▶ Exercise
Starting at the line below with "Women's Thin Belt" and stopping at the line with "Grey Printed Pyjama", please print each line exactly, those two included, and skip every picture.

▶ Data records
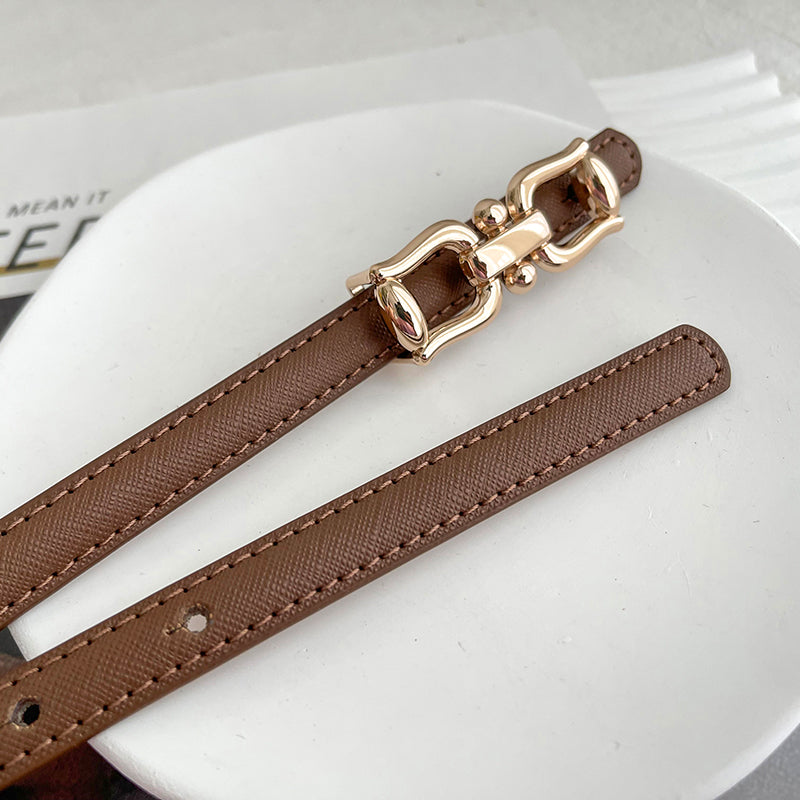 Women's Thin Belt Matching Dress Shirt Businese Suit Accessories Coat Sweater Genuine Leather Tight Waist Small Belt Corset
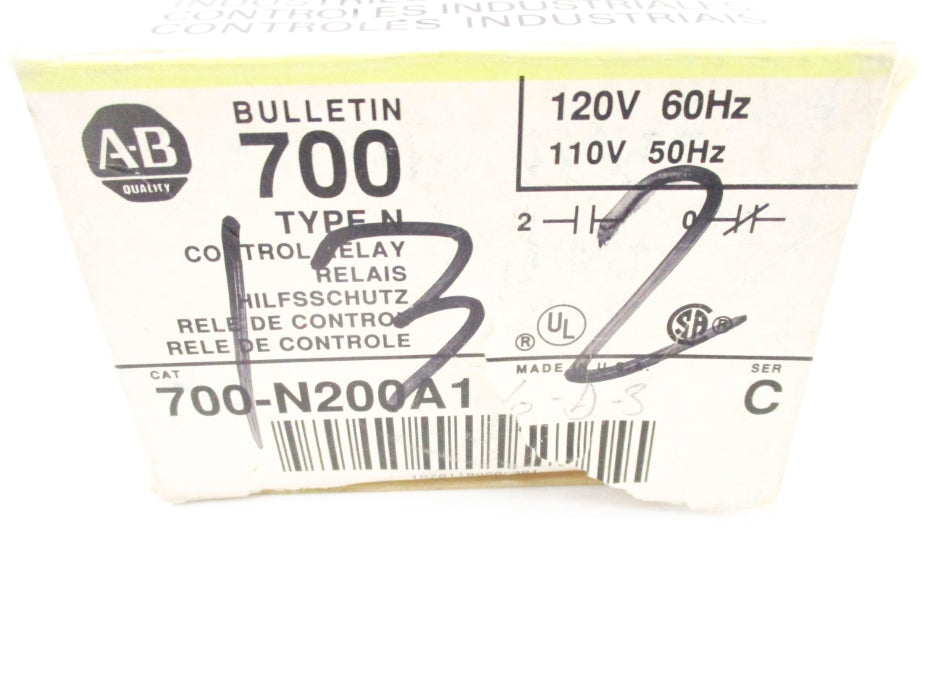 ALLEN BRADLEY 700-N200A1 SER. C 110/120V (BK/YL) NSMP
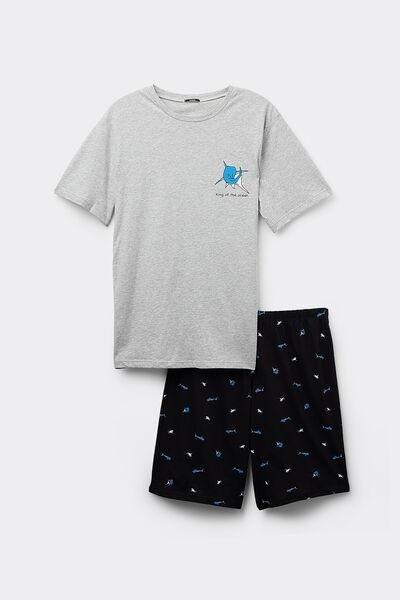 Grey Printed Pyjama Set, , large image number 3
* * *
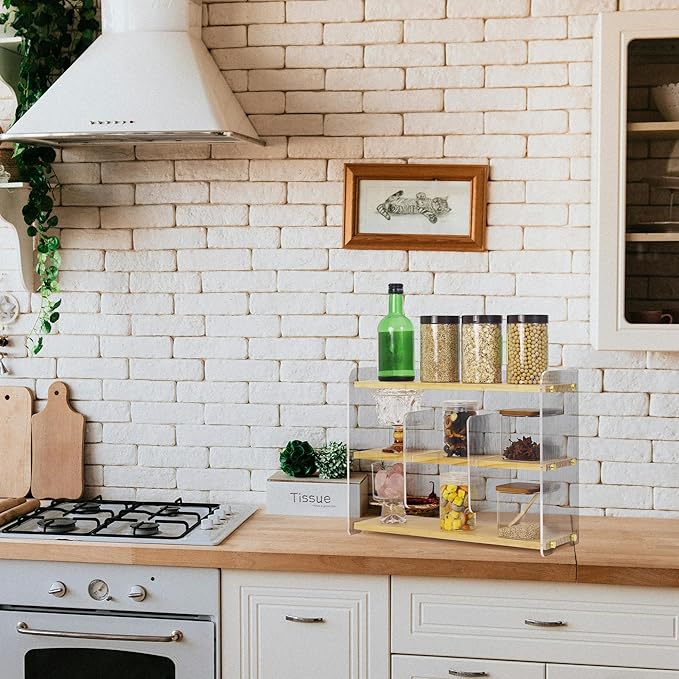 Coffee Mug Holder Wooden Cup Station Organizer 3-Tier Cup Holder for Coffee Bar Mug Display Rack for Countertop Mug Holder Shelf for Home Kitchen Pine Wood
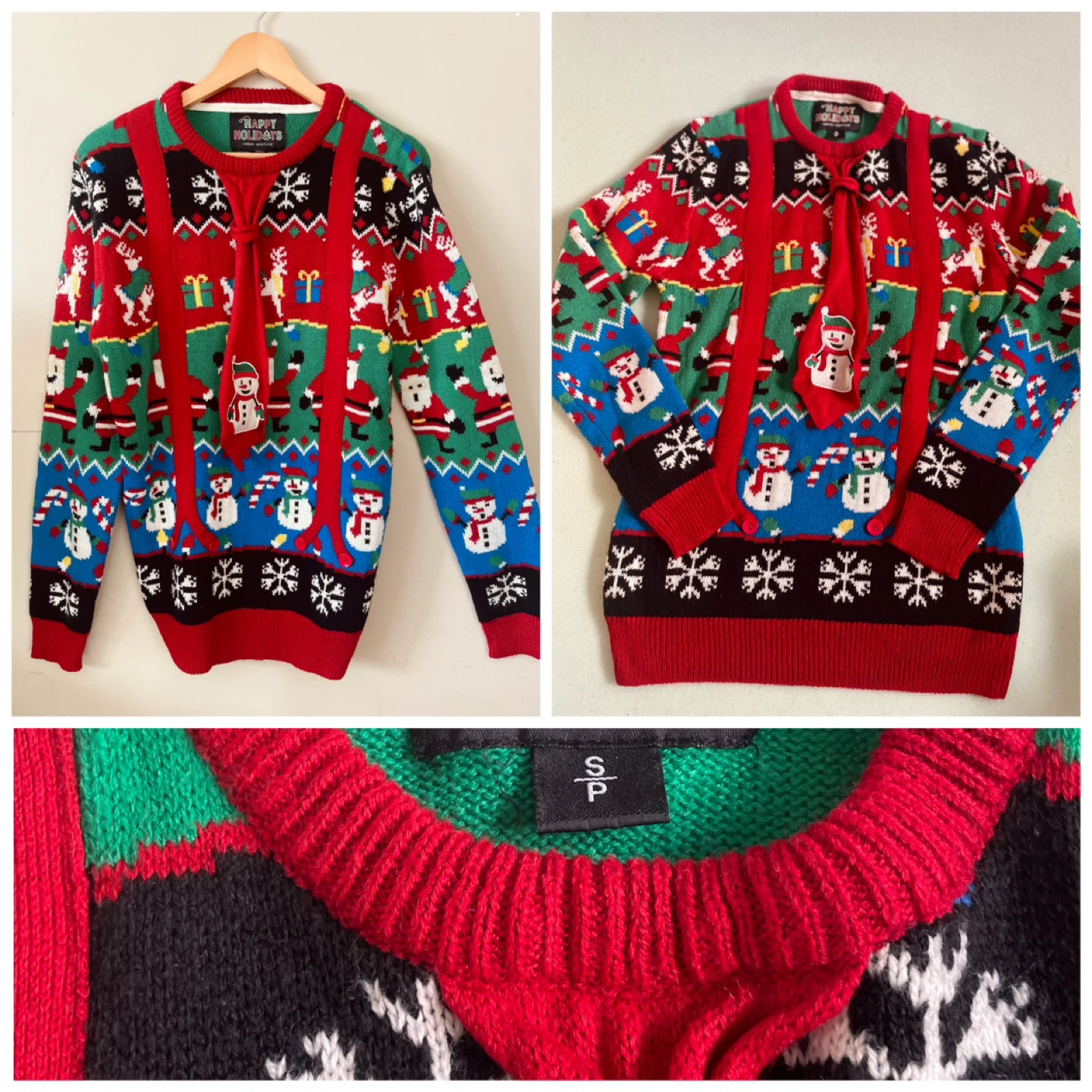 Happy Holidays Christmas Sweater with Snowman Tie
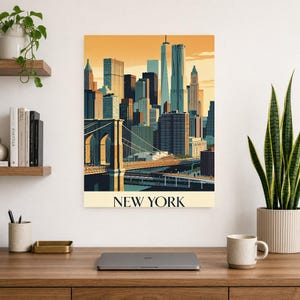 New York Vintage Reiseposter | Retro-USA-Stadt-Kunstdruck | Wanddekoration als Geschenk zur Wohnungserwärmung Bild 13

▶ Answer to this problem
 Women's Thin Belt Matching Dress Shirt Businese Suit Accessories Coat Sweater Genuine Leather Tight Waist Small Belt Corset
 ALLEN BRADLEY 700-N200A1 SER. C 110/120V (BK/YL) NSMP
 Grey Printed Pyjama Set, , large image number 3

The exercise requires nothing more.